• WORK REQUEST
Every line below between the one holding "Burak Özçivit protagonista" and the one holding "自驾游刚需！四驱 + 轻越野，锁定探险者两款配置", inclusive, should be copied exactly, and no other line.

• RECORDS
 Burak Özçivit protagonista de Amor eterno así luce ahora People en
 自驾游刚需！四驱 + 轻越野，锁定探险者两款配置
--
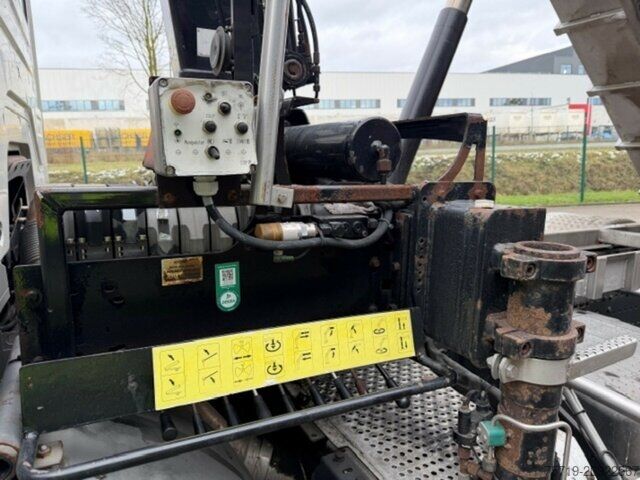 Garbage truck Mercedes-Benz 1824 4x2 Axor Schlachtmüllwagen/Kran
...
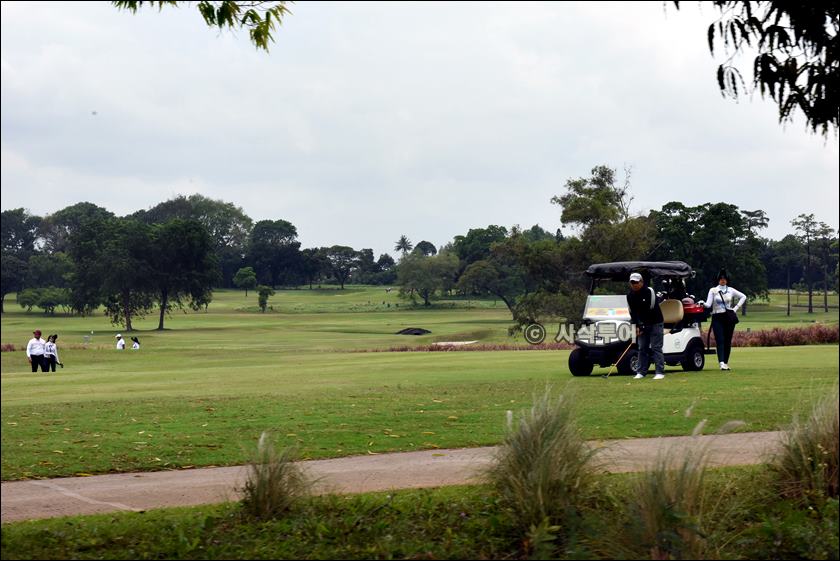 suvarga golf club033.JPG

• RESULT FOR THIS EXERCISE
 Burak Özçivit protagonista de Amor eterno así luce ahora People en
 自驾游刚需！四驱 + 轻越野，锁定探险者两款配置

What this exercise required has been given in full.